What does this tell us about Women’s Curling?
Women’s teams tend to have a higher chance of coming back from a deficit and, subsequently, less chance of holding onto a lead. The difference is less noticeable in close games (tied or 1 up) and tends to widen as one team takes a more dominant position. That is, the greater the lead the greater the difference versus men’s teams in likelihood of a comeback. If we believe the ability to throw heavy peel weight successfully is the major difference in women’s and men’s games, then these numbers look much like what we would expect.
The most noticeable and important difference seen is the case of tied with hammer or down two with hammer in the final ends. The difference is about 5%. These numbers provide some support to determine how women’s teams might approach the game differently than men’s teams. For example, if tied with hammer with 3 or 2 ends remaining, a women’s team may be less inclined in blanking to retain hammer than in forcing a score. Tied with hammer is, during these ends, not a statistical advantage over 1 up without. In fact, with 2 ends remaining, women’s teams have a slight (2%) statistical edge in being 1 up without hammer! In the men’s game tied with hammer is an advantage of 3-4% with 3 ends remaining and 1% with 2 remaining.
What is Control?
A common term heard over drinks at curling rinks across the globe is “Control”. “If we make this shot for two that will put us in control”. “You had control from the 5th end on”. And, the most hated phrase “We had control the whole game and lost it at the end”. So, statistically speaking, what do we think is meant by “Control”?

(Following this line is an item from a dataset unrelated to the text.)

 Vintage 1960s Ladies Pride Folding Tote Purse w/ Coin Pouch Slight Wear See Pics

I propose that there are actually three positions during a game a team can be in. If one is Control it follows that there must be another type of game that is closer than this, which I will call a “Close” game. It also then is reasonable to suggest there is a position where you are even better than in control, let’s call this “Dominant” position.
If we assign the game condition based on a probable outcome:
Close occurs when the odds for a win is no greater than 66% for either team. Another way to say this is the team behind has better than 2-1 odds of winning.

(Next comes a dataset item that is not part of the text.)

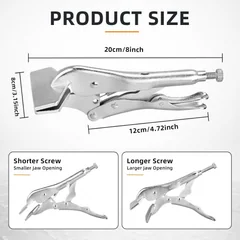 DOMINOX SNK-10108 Flat-Jaw Sheet Metal Locking Pliers, 8 in, thumbnail 6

Control exists when one team has greater than 66% but less than 80% odds of winning. This range is between 2-1 odds and 4-1 odds for the team that is behind.

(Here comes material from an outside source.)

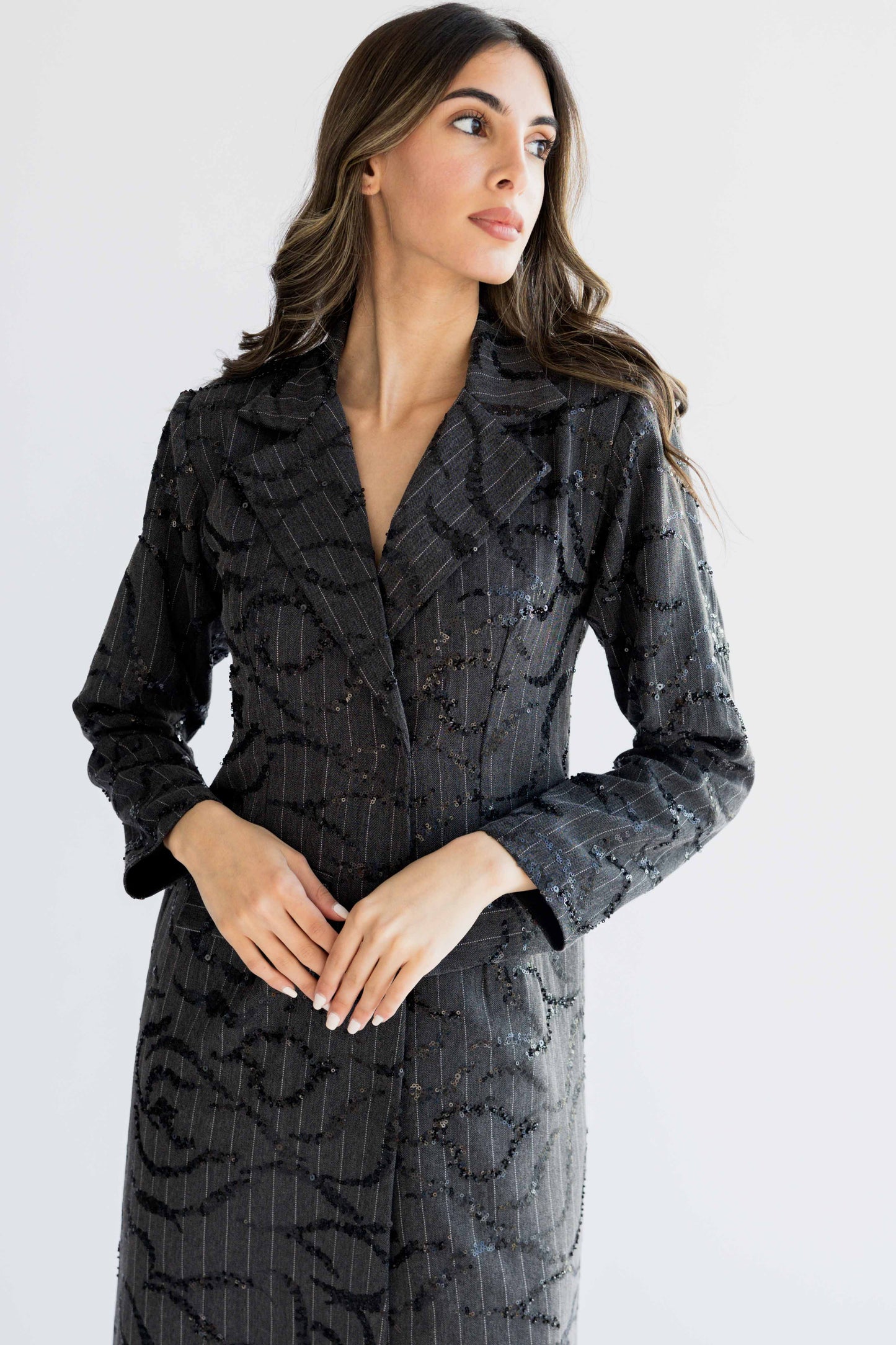 Sequined long blazer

Dominant position is when one team holds a greater than 80% statistical chance of winning. Another way to show this is greater than 4-1 odds of a comeback.
Based on these numbers:
“Control” occurs when team is:
With three and four ends remaining, 2 up without hammer is right at 79 and 80% respectively. With two or fewer ends left, you are Dominant in this position. When statistically in “Control” Up 1 with hammer, you are between 77 to 80%, with the exception of the third end in a ten end game where your chances are 75%.
“Close” position occurs when a team is:
When tied with hammer and 2 ends remaining, chance of winning is exactly 66% - so we could argue whether a team has Control at this stage or it is Close.
“Dominant” position occurs at any other score during the game.
We can start to analyze our pre-game and in-game strategy using the definitions of Control, Close and Dominant. I’d also suggest incorporating the definitions for which section of the game, based on Early, Middle and End Game (from article of Nov 2008, “Is Curling a Battle For Hammer?”). Recall the End Game is the final 3 ends and extra end if required. The Middle Game is the middle 3 ends and the Early game is then either 4 ends for a 10 end game or 2 ends for an 8 end match.
Using this model creates the following 9 game scenarios:
Early-Close
Early-Control
Early-Dominant
Middle-Close
Middle-Control
Middle-Dominant
End-Close
End-Control
End-Dominant
I’d suggest teams could use this model as a way to develop pre-game strategies for how to approach each of these positions. I might even tack a stab at examining these, but that will have to be left for another article…
Statistics for Grand Slams
Watching the Masters a short while ago (except the semi’s which were on the BOLD network –wherever that is), I started to question the statistical basis we are using and see if there are some discrepancies for the Slam events versus the entire dataset for all WCT (including Slams), Olympics, Olympic Trials, Brier, Worlds and Provincials. Our data size is still very small but I wanted to get a general sense if we saw any differences. Tied with hammer in final or extra end is currently nearly 80% for Slams versus 75%. 1 down with hammer in 9 was 39%, close to our baseline of 38%. Down two with hammer was about 12% versus 10%. The only major difference appears to be tied with hammer. The Slams numbers are based on sample size of about 270, compared to over 3000 in our full dataset. Assuming that Grand Slam teams are generally stronger than the other fields; does this mean better teams win more than 75% when tied with hammer? Possibly yes, but difficult to say for certain without a larger sample.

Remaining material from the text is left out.